Diesel Locomotive
EMD E9A/E9B
EMD
Also known as: E9A/E9B, EMD E9A/E9B
Photographs (4)
Technical specifications
History
The EMD E9 was the tenth and final member of Electro-Motive Division's celebrated E-unit family, produced at the company's La Grange, Illinois facilities from April 1954 through January 1964. Over the course of that decade, EMD delivered 100 cab-equipped A units and 44 cabless booster B units, all destined for service with American railroads. The E9 arrived at a moment when passenger rail was still a dominant force in intercity travel, and it quickly found work on some of the most prestigious named trains in the country.

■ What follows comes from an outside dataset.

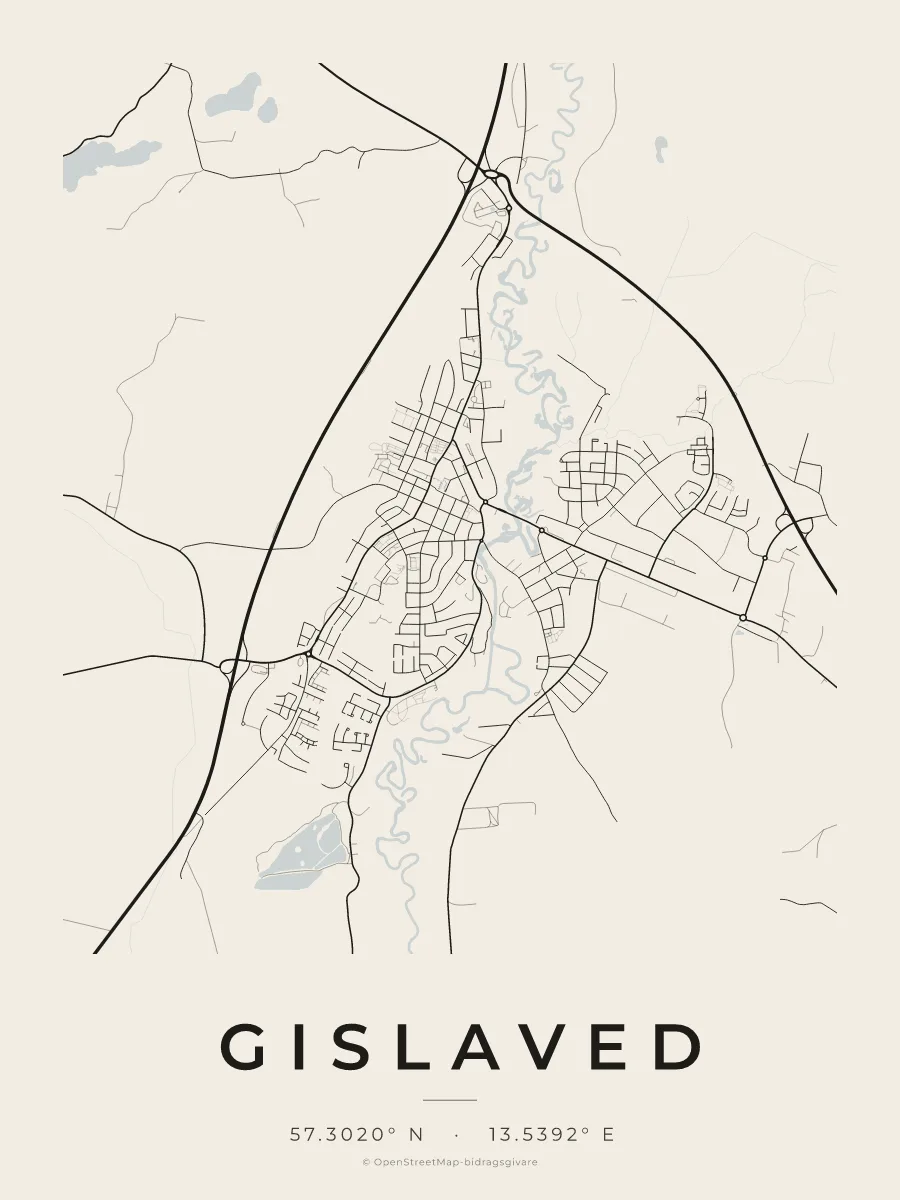 Kartposter över Gislaved i stilen Papper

Union Pacific assigned E9s to its famous "City" fleet of streamliners, while the Chicago, Burlington and Quincy put them to work on Zephyr services, and Southern Pacific used them on runs including the Coast Daylight and the Sunset Limited. As the economics of passenger railroading deteriorated through the 1960s, many E9s found themselves reassigned to less glamorous duties. Union Pacific, the Rock Island, and the Illinois Central each pressed E9s into freight service as passenger revenues declined. When Amtrak was established in 1971 to assume operation of most intercity passenger trains in the United States, the new quasi-governmental carrier acquired 36 E9A and 23 E9B units from predecessor railroads including Union Pacific, the Milwaukee Road, the Baltimore and Ohio, and the Seaboard Coast Line. Amtrak operated these locomotives until approximately 1979, and converted a portion of the B units into auxiliary cars providing steam heat or head-end electrical power for passenger consists. The legacy of the E9 extends well beyond its active revenue service years. Burlington Northern equipped a number of surviving units with head-end power systems and upgraded powerplants based on the EMD 645 engine family, extending their usefulness in Chicago-area commuter operations into the early 1990s. Several dozen E9s survived into the preservation era, with examples finding homes at museums and tourist railroads across the country. The Illinois Railway Museum in Union, Illinois, operates five examples, while Union Pacific has retained three rebuilt E9s in its heritage fleet. Southern Pacific 6051, the last surviving unit from that railroad's roster, is preserved and operated by the California State Railroad Museum in Sacramento.
Technical notes
The E9 was powered by a pair of EMD 567C engines, each a twelve-cylinder, two-stroke, Roots-blown diesel arranged in a 45-degree V configuration with a bore and stroke of 8.5 by 10 inches, yielding 567 cubic inches of displacement per cylinder. Each engine produced 1,200 horsepower at 800 rpm, for a combined output of 2,400 horsepower. The two engines drove separate DC generators, and the electrical output from each generator powered two traction motors, giving the locomotive four motors in total distributed across an A1A-A1A wheel arrangement. In this arrangement, each three-axle truck had its center axle unpowered, a configuration that reduced axle loading on the lighter rail and trackwork commonly found on passenger routes. Externally, the E9 was nearly indistinguishable from its immediate predecessor, the E8. The primary mechanical difference was the substitution of the newer 567C engine in place of the 567B used in the E8. The only reliably visible external change was a revised, flush-fitting mounting for the headlight glass on the nose of the carbody, though this modification was also applied to some E8 units during maintenance overhauls, making visual identification between the two models unreliable in practice. The shared carbody design reflected EMD's deliberate continuity across E-unit generations, and the 567C engine itself remained in production until 1966, when it was eventually superseded by the 645 series powerplant that would go on to serve as the foundation for subsequent EMD locomotive families.